Image Pre-Processing

Image Pre-Processing is a critical step in optimising document processing workflows, especially when dealing with scanned or uploaded documents. This support document aims to provide an understanding of Image Quality, Orientation Correction and OCR on Digital Documents emphasising how these factors impact document quality, storage, and processing.

Image Quality and DPI: A Brief Overview

Dots Per Inch (DPI) refers to the density of dots in a printed image, representing the image's resolution or quality. A higher DPI value indicates a greater number of dots per inch, resulting in finer detail and better image quality. In the context of document processing, the DPI value significantly influences the clarity and readability of scanned or uploaded documents.

Importance of Image Quality in Document Processing
In the realm of document processing, image quality plays a pivotal role in accurate data extraction and overall workflow efficiency. High-quality images with higher DPI values provide several advantages:

Improved Optical Character Recognition (OCR): Higher DPI images enhance OCR accuracy by capturing finer text details, ensuring more accurate data extraction.
Enhanced Data Extraction: Images with superior quality lead to better recognition of handwriting, signatures, and intricate details, improving data extraction precision.
Reduced Error Rates: Clearer images reduce the likelihood of misinterpretation or incorrect data extraction, ultimately minimizing processing errors.
Enhanced Archiving: High-quality images contribute to better archival and compliance practices, preserving documents in their truest form.
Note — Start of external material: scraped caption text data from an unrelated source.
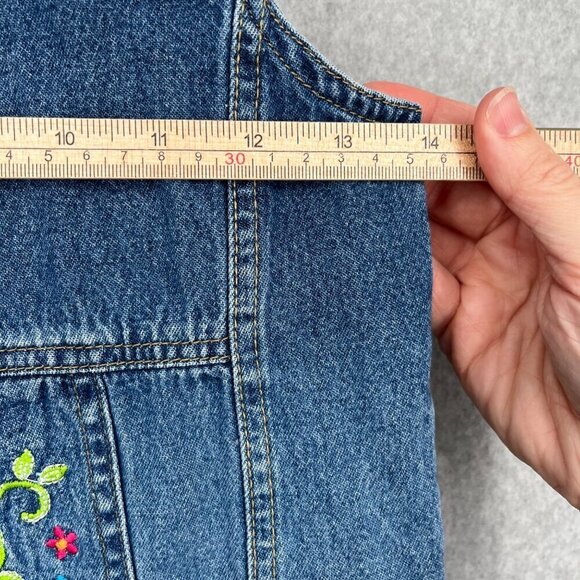 Expressions Toddler Girls VTG Denim Jumper Dress Size 5T Embroidered Floral 90s - Picture 12 of 13
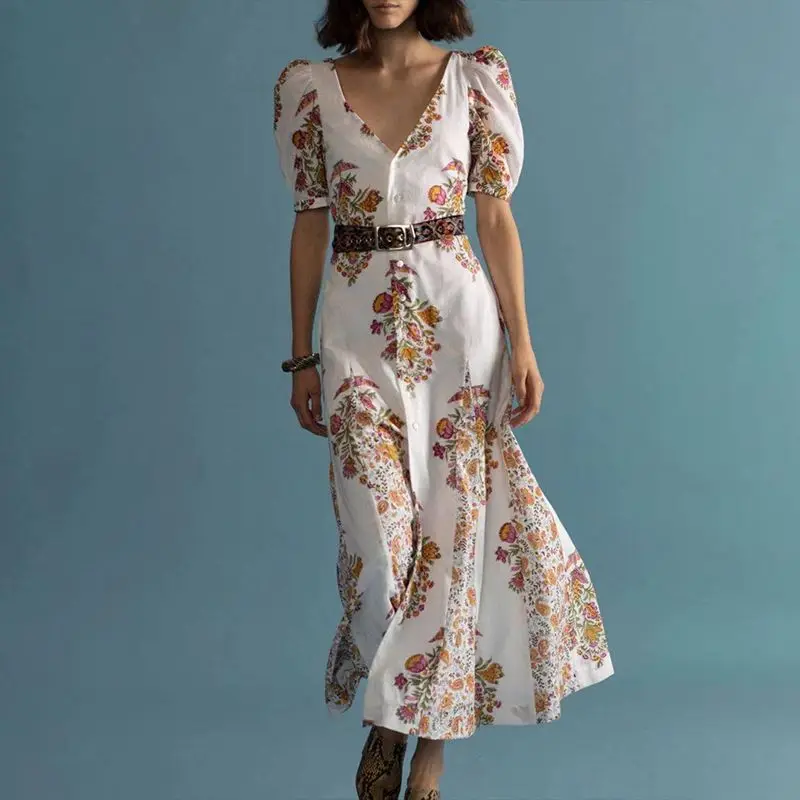 Luxury Flower Print Women Dress Fashion V-Neck Short Sleeve A-Line Dresses K1809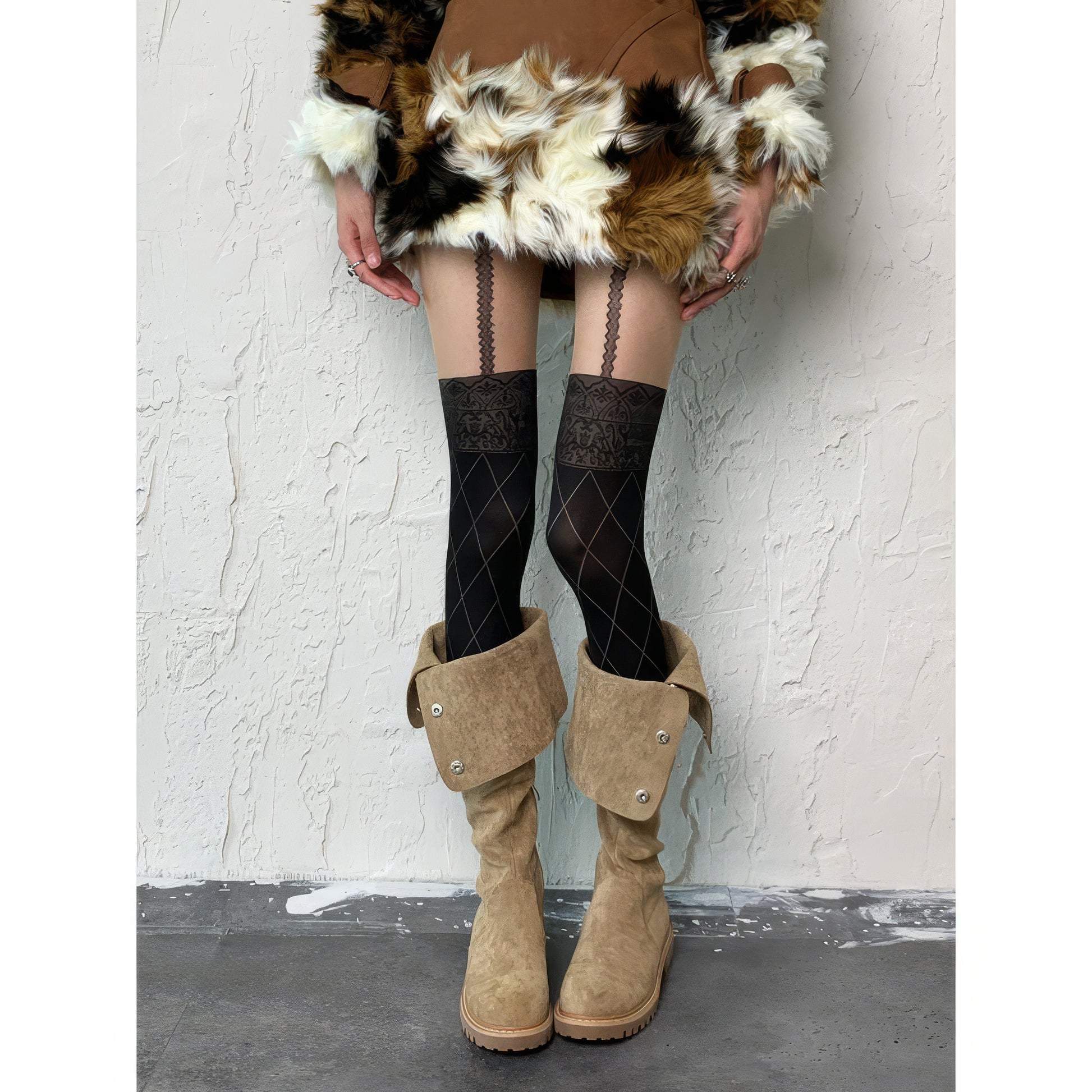 Vintage Lace Pattern Garter Tights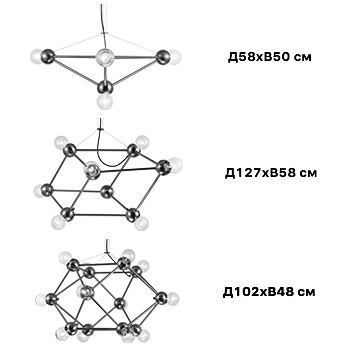 Люстра Molecule Gold Chandelier
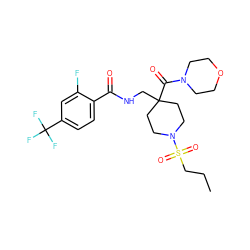 CCCS(=O)(=O)N1CCC(CNC(=O)c2ccc(C(F)(F)F)cc2F)(C(=O)N2CCOCC2)CC1 ZINC000036143427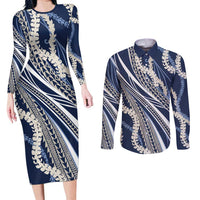 Polynesian Puakeniken Pikake Twisted Lei Couples Matching Long Sleeve Bodycon Dress and Long Sleeve Button Shirt Navy Blue LT7 Navy Blue - Polynesian Pride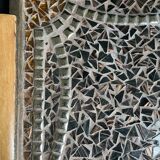 Plateau mosaïque vintage poignée bois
Orientation Correction: Simplifying Document Alignment

Orientation Correction is a feature designed to automatically adjust the orientation of uploaded documents. Manual adjustments to document orientation can be time-consuming and prone to errors. With Orientation Correction, the need for manual orientation adjustments is eliminated. This feature ensures that documents are correctly aligned for accurate data extraction, optimising the entire processing workflow.

OCR on Digital Documents: Extracting Text from Images

OCR on Digital Documents is a powerful tool that offers two capabilities:

Extracting Text from Logos and Image Blocks: This feature enables the extraction of text content from logos, headers, and image blocks present in digital documents. By capturing textual information from these graphical elements, you can enhance the accuracy and completeness of data extraction.
Complete OCR on Digital Documents: Perform a comprehensive OCR on the entire digital document, converting images with embedded text into machine-readable text. This process improves text searchability, facilitates data extraction, and enhances overall document usability.

How to Configure Image Pre-Processing

Step 1: Access Document Types Page

Start by navigating to the "Document Types" page in your application. Use the search function to locate the desired document type for which you want to adjust image quality.

Step 2: Access Document Type Settings

Click on the settings icon associated with the target document type to access its settings.

Step 3: Pre-Processing Section

Within the document type settings, locate the "Pre-Processing" section.

Step 4: Image Pre-Processing: Image Quality for Storage (dpi)

In the "Image Pre-Processing" subsection, you'll find the "Image Quality for Storage (dpi)" option. By default, this value is set to 200 dpi. You can adjust this value according to your preferences. Higher dpi values result in higher image quality.

Step 5: Image Pre-Processing: Orientation Correction

Under "Image Pre-Processing," you'll also find "Orientation Correction." This feature is enabled by default, meaning that uploaded documents' orientations will be automatically adjusted. This eliminates the need for manual orientation adjustments. If you prefer manual control, you can disable this option.

Step 6: Image Pre-Processing: OCR on Digital Documents

In the same "Image Pre-Processing" section, locate the "OCR on Digital Documents" option. Click on the dropdown button to reveal available options:
1. Logos and Image Block: Selecting this option enables text extraction from logos and image blocks on digital documents.
2. Complete OCR: This option allows comprehensive text extraction from the entirety of digital documents.
3. None: Choosing this option disables text extraction from logos and images on digital documents.

Congratulations, you've successfully configured image pre-processing settings to optimise data extraction within the chosen document type!